Former New Jersey middle school teacher jailed on charges tied to alleged sex acts with student

 March 28, 2026

Ashley Fisler, a 36-year-old former New Jersey middle school teacher, is behind bars after being arrested and charged in connection with allegations that she sexually assaulted a student in 2021, including alleged sex acts in her classroom and in her car.

The New York Post reported that according to court documents obtained Friday, the allegations include claims that Fisler had sex with the minor student twice and performed a sex act four times. The court paperwork also states that text exchanges included “multiple nude photographs” of Fisler.

Fisler appeared for a brief video court hearing on Friday, where a judge read her the charges she is facing and set a bail hearing for April 1. She will remain behind bars until then.

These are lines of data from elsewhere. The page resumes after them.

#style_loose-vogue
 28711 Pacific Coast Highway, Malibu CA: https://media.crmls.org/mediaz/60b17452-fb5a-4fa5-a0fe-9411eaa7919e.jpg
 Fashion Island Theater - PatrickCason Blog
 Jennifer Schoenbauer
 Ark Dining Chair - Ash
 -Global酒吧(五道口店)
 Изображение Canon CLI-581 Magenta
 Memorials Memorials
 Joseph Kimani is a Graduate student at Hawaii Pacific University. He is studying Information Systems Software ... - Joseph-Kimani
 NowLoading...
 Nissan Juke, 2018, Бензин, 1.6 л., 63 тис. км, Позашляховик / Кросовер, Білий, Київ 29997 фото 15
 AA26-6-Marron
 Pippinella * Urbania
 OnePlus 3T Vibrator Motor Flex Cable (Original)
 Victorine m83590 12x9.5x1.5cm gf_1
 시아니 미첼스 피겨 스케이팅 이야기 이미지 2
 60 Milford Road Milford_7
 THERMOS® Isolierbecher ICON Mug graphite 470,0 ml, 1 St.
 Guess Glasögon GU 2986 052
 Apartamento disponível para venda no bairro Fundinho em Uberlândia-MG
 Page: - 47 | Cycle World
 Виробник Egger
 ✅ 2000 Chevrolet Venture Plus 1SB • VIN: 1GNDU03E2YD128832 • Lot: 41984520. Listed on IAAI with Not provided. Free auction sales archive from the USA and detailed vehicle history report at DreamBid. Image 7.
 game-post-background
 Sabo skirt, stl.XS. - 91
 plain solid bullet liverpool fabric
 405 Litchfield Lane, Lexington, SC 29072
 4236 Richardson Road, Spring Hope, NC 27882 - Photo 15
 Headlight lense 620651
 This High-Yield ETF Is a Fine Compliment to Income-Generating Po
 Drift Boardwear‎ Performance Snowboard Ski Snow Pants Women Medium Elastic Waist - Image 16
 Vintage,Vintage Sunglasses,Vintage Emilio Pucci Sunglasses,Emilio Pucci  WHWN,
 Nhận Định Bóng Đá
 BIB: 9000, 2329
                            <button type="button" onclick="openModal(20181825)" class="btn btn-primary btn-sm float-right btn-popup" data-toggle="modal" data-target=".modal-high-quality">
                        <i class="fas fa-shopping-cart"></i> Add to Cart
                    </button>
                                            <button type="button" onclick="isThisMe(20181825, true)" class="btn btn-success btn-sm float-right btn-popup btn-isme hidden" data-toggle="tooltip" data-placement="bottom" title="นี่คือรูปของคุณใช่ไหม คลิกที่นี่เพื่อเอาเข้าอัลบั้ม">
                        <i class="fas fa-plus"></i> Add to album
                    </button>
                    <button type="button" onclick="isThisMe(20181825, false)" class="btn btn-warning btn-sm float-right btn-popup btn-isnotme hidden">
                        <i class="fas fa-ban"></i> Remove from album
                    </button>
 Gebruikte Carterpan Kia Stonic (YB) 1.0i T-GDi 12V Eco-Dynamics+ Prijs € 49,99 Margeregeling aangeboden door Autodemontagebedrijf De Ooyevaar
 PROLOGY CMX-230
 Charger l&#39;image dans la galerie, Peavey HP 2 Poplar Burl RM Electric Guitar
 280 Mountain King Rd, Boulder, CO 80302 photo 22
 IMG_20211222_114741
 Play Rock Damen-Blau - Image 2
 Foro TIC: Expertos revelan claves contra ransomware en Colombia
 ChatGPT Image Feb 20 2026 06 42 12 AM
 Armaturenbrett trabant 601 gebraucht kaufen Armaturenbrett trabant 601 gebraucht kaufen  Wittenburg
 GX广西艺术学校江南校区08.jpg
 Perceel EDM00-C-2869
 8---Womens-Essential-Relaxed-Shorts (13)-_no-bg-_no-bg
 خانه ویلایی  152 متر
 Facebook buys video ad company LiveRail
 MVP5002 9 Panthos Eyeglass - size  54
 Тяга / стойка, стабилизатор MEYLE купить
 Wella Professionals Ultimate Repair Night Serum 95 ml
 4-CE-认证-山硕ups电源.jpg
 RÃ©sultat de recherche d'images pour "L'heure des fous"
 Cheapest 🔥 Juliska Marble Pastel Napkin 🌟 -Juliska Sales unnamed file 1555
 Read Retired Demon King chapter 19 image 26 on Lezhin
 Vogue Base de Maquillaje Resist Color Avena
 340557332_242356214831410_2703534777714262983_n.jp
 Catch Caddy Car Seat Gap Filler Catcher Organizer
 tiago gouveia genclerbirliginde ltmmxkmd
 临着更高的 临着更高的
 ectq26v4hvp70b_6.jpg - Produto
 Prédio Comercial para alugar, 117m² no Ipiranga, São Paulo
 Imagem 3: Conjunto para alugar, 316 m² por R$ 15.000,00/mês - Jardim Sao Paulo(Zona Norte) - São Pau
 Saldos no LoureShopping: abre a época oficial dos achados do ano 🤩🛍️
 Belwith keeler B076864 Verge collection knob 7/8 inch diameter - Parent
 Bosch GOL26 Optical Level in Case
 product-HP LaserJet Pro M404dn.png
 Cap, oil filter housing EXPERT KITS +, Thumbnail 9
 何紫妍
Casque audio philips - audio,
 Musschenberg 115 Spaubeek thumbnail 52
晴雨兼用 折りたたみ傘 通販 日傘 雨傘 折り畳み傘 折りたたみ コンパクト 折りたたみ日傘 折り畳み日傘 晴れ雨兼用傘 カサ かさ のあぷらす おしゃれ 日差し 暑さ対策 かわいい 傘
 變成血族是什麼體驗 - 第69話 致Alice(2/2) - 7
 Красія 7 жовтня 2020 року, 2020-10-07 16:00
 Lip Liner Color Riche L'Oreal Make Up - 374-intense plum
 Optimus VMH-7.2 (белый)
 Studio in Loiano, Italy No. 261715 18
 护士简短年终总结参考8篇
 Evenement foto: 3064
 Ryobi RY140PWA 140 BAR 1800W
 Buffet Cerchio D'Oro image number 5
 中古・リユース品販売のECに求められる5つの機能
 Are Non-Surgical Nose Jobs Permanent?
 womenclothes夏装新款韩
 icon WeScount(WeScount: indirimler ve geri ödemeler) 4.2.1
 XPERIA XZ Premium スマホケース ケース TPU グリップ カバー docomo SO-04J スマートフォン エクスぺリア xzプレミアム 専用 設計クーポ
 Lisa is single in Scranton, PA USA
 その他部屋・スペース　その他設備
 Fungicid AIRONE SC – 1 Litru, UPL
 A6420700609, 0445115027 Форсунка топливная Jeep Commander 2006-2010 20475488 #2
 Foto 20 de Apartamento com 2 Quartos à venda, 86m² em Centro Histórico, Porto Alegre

The charges are grave, and the setting makes them worse

Prosecutors charged Fisler with six counts of first-degree sexual assault of a minor, one count of second-degree endangering the welfare of a child, and one count of second-degree official misconduct.

The top charges carry a maximum of 20 years in prison. Both second-degree charges carry a maximum of 10 years.

The allegations center on Orchard Valley Middle School in Washington Township, Gloucester County, where the now-adult victim was a student in Fisler’s social studies class. Court filings describe the victim as between 13 and 16 years old at the time.

There is no way to dress this up. If these allegations are true, a public trust was not merely violated; it was exploited.

Fisler denied the allegations, and her attorney pushes for release

Court materials state that Fisler denied the allegations during a March 19 interview with Washington Township police.

Her lawyer, Rocco Cipparone, told The Post on Friday that he plans to “aggressively present a defense to those charges.” He also argued against a request to hold Fisler without bail.

“She has no prior criminal record, she has been a lifelong resident of New Jersey, she is a property owner, her entire family is here, [and] she is not a risk of flight,”

Cipparone also pointed to the time elapsed between the alleged misconduct and the current case activity.

“These allegations go back five years. You have this five-year gap where now all of a sudden they are going to say she is a danger to the community,”

And he said he expects to win her release.

“I’m optimistic, and I think I have strong reasons to have her released.”

The bail hearing is scheduled for April 1. Until then, the court has made the basic judgment that caution comes first.

A school system insists it is taking safety seriously, but the public is left to wonder

Washington Township School District Superintendent Eric Hibbs said Fisler’s employment ended in April 2023. In a statement, Hibbs said the district takes “matters involving the safety and well-being of our students extremely seriously,” and is “fully cooperating with law enforcement.”

Those lines are necessary, but they are not enough to settle the question parents inevitably ask in cases like this: what was seen, what was reported, and when?

The source material does not answer those questions. That silence is not proof of anything by itself, but it is the vacuum that forms when institutions speak in approved phrases rather than concrete timelines.

The praise that once followed her now reads differently

In 2019, district social studies supervisor Jeff Snyder told NJ.com that Fisler was a “great teacher.” He went further, praising her approach to students.

“Not only does she make her lessons interactive and engaging, but she also prides herself in making personal connections with all her students,”

That same year, an eighth-grade student wrote an essay praising Fisler as a “hero” who had a “lasting impact on kids.”

In normal times, educators want to be remembered like that. But “personal connections” can become a slogan that hides risk when the adults charged with oversight treat a classroom like a private kingdom.

Schools cannot run on vibes and accolades. They have to run on boundaries, reporting, and a culture that does not flinch from scrutiny.

A marriage pulled into the blast radius

The allegations have also dragged Fisler’s husband, Paul Fisler, into public view. He could not be reached for comment, according to the source material.

Relatives offered conflicting impressions of what happens next. Paul Fisler’s stepbrother suggested he would not remain in the marriage if the allegations are true.

“He’s a good, upstanding guy. He has morals and everything — he wouldn’t be the type to stay with her if he found out.”

The stepbrother also said the public exposure alone might be decisive.

“Especially since this is already making the news, I feel like that’s enough backlash to be like, ‘All right, maybe we shouldn’t be together anymore.’”

Another relative said, “As far as I know, they’re married and happy together.”

Whatever becomes of that family, the larger moral fact remains: when an adult is accused of exploiting a child, the child is the one who carries the weight longest.

What the public is owed now

The criminal process will play out in court, beginning with the April 1 bail hearing. But the broader community interest is straightforward and legitimate.

Parents are owed clarity on how a teacher-student relationship is monitored and policed. Taxpayers are owed a school culture that treats professional boundaries as nonnegotiable. Students are owed adults who keep their roles clean, not adults who blur them and then hide behind institutional press releases.

For now, the alleged victim is an adult, but the allegations point back to 2021, to a classroom, to a car, and to a child between 13 and 16 years old. That is the reality this case forces a community to face.

Some lines are not complicated. They are supposed to be unbreakable.